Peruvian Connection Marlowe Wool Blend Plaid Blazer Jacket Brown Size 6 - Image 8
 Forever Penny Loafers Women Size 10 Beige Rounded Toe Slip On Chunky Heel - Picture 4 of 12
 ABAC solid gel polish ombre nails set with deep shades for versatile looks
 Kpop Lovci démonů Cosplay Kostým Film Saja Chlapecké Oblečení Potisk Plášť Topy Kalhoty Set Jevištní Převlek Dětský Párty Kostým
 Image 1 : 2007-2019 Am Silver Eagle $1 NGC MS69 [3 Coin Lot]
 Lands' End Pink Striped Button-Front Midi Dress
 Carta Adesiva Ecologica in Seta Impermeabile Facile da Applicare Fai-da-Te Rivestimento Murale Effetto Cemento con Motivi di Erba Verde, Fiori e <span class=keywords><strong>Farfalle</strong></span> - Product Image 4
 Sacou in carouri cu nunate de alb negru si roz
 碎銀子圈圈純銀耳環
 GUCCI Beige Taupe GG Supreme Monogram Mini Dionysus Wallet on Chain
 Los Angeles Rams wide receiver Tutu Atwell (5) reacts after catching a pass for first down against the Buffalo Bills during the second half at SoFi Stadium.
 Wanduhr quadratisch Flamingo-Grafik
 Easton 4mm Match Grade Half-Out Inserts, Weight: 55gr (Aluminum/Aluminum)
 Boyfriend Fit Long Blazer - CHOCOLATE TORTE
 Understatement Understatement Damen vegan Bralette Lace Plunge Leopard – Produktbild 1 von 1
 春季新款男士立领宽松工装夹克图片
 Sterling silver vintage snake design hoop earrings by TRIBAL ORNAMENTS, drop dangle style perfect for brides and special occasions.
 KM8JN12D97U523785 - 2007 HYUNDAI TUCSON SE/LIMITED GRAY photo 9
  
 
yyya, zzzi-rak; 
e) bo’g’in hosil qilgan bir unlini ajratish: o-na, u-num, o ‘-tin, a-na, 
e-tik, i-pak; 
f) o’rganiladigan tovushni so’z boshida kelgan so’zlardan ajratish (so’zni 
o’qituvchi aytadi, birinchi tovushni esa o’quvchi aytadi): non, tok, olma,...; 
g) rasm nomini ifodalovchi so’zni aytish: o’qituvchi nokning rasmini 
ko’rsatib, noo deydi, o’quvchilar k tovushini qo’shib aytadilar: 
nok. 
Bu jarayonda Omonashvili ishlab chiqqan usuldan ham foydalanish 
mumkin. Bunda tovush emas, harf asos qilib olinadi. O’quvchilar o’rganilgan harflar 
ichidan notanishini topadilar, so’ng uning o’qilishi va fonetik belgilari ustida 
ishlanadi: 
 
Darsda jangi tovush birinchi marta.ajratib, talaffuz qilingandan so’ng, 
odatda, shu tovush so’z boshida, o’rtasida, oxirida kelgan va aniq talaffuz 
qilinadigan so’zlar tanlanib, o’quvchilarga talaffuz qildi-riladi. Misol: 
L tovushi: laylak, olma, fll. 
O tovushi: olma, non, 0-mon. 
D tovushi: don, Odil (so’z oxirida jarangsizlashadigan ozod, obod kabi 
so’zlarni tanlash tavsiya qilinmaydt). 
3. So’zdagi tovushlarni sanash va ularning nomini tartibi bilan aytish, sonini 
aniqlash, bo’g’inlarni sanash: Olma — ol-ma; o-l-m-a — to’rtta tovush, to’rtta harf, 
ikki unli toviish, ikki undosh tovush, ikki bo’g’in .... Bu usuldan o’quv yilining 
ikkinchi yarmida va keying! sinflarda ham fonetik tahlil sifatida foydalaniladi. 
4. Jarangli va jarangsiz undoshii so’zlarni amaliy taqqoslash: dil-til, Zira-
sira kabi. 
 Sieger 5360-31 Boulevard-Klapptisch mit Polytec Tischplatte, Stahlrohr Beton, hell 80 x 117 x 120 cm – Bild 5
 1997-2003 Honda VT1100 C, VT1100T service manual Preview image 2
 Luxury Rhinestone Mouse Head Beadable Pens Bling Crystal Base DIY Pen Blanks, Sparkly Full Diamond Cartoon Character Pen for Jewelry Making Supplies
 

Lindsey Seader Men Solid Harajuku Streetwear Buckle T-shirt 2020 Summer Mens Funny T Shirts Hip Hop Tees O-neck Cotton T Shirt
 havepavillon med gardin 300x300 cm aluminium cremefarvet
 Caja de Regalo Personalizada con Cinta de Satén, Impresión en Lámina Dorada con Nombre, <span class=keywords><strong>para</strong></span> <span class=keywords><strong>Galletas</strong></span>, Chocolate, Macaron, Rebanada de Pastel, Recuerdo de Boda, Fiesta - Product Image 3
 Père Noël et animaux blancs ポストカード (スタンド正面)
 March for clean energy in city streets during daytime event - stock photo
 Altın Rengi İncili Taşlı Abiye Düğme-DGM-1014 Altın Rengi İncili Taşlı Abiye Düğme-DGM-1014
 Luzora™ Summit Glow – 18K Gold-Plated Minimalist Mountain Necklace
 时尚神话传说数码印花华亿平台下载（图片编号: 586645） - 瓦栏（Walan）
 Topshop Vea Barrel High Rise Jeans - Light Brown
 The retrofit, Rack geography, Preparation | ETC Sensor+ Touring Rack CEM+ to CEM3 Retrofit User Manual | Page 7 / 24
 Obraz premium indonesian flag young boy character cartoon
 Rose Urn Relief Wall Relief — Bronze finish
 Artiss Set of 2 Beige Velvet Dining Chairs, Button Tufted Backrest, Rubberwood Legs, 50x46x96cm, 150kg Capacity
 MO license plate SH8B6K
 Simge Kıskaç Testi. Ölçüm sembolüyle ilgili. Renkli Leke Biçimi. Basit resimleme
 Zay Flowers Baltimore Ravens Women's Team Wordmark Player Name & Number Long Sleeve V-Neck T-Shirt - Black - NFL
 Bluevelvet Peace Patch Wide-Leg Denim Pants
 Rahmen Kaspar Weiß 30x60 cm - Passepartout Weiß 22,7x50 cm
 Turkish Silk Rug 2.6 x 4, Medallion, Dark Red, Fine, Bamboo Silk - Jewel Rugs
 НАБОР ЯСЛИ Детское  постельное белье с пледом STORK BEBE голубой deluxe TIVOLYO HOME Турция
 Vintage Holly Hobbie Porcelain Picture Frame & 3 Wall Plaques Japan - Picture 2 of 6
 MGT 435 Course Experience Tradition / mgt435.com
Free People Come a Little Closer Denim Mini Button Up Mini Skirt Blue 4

◆ Your instructions ◆
Return the full data above, line for line.

◆ Completed task ◆
Peruvian Connection Marlowe Wool Blend Plaid Blazer Jacket Brown Size 6 - Image 8
 Forever Penny Loafers Women Size 10 Beige Rounded Toe Slip On Chunky Heel - Picture 4 of 12
 ABAC solid gel polish ombre nails set with deep shades for versatile looks
 Kpop Lovci démonů Cosplay Kostým Film Saja Chlapecké Oblečení Potisk Plášť Topy Kalhoty Set Jevištní Převlek Dětský Párty Kostým
 Image 1 : 2007-2019 Am Silver Eagle $1 NGC MS69 [3 Coin Lot]
 Lands' End Pink Striped Button-Front Midi Dress
 Carta Adesiva Ecologica in Seta Impermeabile Facile da Applicare Fai-da-Te Rivestimento Murale Effetto Cemento con Motivi di Erba Verde, Fiori e <span class=keywords><strong>Farfalle</strong></span> - Product Image 4
 Sacou in carouri cu nunate de alb negru si roz
 碎銀子圈圈純銀耳環
 GUCCI Beige Taupe GG Supreme Monogram Mini Dionysus Wallet on Chain
 Los Angeles Rams wide receiver Tutu Atwell (5) reacts after catching a pass for first down against the Buffalo Bills during the second half at SoFi Stadium.
 Wanduhr quadratisch Flamingo-Grafik
 Easton 4mm Match Grade Half-Out Inserts, Weight: 55gr (Aluminum/Aluminum)
 Boyfriend Fit Long Blazer - CHOCOLATE TORTE
 Understatement Understatement Damen vegan Bralette Lace Plunge Leopard – Produktbild 1 von 1
 春季新款男士立领宽松工装夹克图片
 Sterling silver vintage snake design hoop earrings by TRIBAL ORNAMENTS, drop dangle style perfect for brides and special occasions.
 KM8JN12D97U523785 - 2007 HYUNDAI TUCSON SE/LIMITED GRAY photo 9
  
 
yyya, zzzi-rak; 
e) bo’g’in hosil qilgan bir unlini ajratish: o-na, u-num, o ‘-tin, a-na, 
e-tik, i-pak; 
f) o’rganiladigan tovushni so’z boshida kelgan so’zlardan ajratish (so’zni 
o’qituvchi aytadi, birinchi tovushni esa o’quvchi aytadi): non, tok, olma,...; 
g) rasm nomini ifodalovchi so’zni aytish: o’qituvchi nokning rasmini 
ko’rsatib, noo deydi, o’quvchilar k tovushini qo’shib aytadilar: 
nok. 
Bu jarayonda Omonashvili ishlab chiqqan usuldan ham foydalanish 
mumkin. Bunda tovush emas, harf asos qilib olinadi. O’quvchilar o’rganilgan harflar 
ichidan notanishini topadilar, so’ng uning o’qilishi va fonetik belgilari ustida 
ishlanadi: 
 
Darsda jangi tovush birinchi marta.ajratib, talaffuz qilingandan so’ng, 
odatda, shu tovush so’z boshida, o’rtasida, oxirida kelgan va aniq talaffuz 
qilinadigan so’zlar tanlanib, o’quvchilarga talaffuz qildi-riladi. Misol: 
L tovushi: laylak, olma, fll. 
O tovushi: olma, non, 0-mon. 
D tovushi: don, Odil (so’z oxirida jarangsizlashadigan ozod, obod kabi 
so’zlarni tanlash tavsiya qilinmaydt). 
3. So’zdagi tovushlarni sanash va ularning nomini tartibi bilan aytish, sonini 
aniqlash, bo’g’inlarni sanash: Olma — ol-ma; o-l-m-a — to’rtta tovush, to’rtta harf, 
ikki unli toviish, ikki undosh tovush, ikki bo’g’in .... Bu usuldan o’quv yilining 
ikkinchi yarmida va keying! sinflarda ham fonetik tahlil sifatida foydalaniladi. 
4. Jarangli va jarangsiz undoshii so’zlarni amaliy taqqoslash: dil-til, Zira-
sira kabi. 
 Sieger 5360-31 Boulevard-Klapptisch mit Polytec Tischplatte, Stahlrohr Beton, hell 80 x 117 x 120 cm – Bild 5
 1997-2003 Honda VT1100 C, VT1100T service manual Preview image 2
 Luxury Rhinestone Mouse Head Beadable Pens Bling Crystal Base DIY Pen Blanks, Sparkly Full Diamond Cartoon Character Pen for Jewelry Making Supplies
 

Lindsey Seader Men Solid Harajuku Streetwear Buckle T-shirt 2020 Summer Mens Funny T Shirts Hip Hop Tees O-neck Cotton T Shirt
 havepavillon med gardin 300x300 cm aluminium cremefarvet
 Caja de Regalo Personalizada con Cinta de Satén, Impresión en Lámina Dorada con Nombre, <span class=keywords><strong>para</strong></span> <span class=keywords><strong>Galletas</strong></span>, Chocolate, Macaron, Rebanada de Pastel, Recuerdo de Boda, Fiesta - Product Image 3
 Père Noël et animaux blancs ポストカード (スタンド正面)
 March for clean energy in city streets during daytime event - stock photo
 Altın Rengi İncili Taşlı Abiye Düğme-DGM-1014 Altın Rengi İncili Taşlı Abiye Düğme-DGM-1014
 Luzora™ Summit Glow – 18K Gold-Plated Minimalist Mountain Necklace
 时尚神话传说数码印花华亿平台下载（图片编号: 586645） - 瓦栏（Walan）
 Topshop Vea Barrel High Rise Jeans - Light Brown
 The retrofit, Rack geography, Preparation | ETC Sensor+ Touring Rack CEM+ to CEM3 Retrofit User Manual | Page 7 / 24
 Obraz premium indonesian flag young boy character cartoon
 Rose Urn Relief Wall Relief — Bronze finish
 Artiss Set of 2 Beige Velvet Dining Chairs, Button Tufted Backrest, Rubberwood Legs, 50x46x96cm, 150kg Capacity
 MO license plate SH8B6K
 Simge Kıskaç Testi. Ölçüm sembolüyle ilgili. Renkli Leke Biçimi. Basit resimleme
 Zay Flowers Baltimore Ravens Women's Team Wordmark Player Name & Number Long Sleeve V-Neck T-Shirt - Black - NFL
 Bluevelvet Peace Patch Wide-Leg Denim Pants
 Rahmen Kaspar Weiß 30x60 cm - Passepartout Weiß 22,7x50 cm
 Turkish Silk Rug 2.6 x 4, Medallion, Dark Red, Fine, Bamboo Silk - Jewel Rugs
 НАБОР ЯСЛИ Детское  постельное белье с пледом STORK BEBE голубой deluxe TIVOLYO HOME Турция
 Vintage Holly Hobbie Porcelain Picture Frame & 3 Wall Plaques Japan - Picture 2 of 6
 MGT 435 Course Experience Tradition / mgt435.com
Free People Come a Little Closer Denim Mini Button Up Mini Skirt Blue 4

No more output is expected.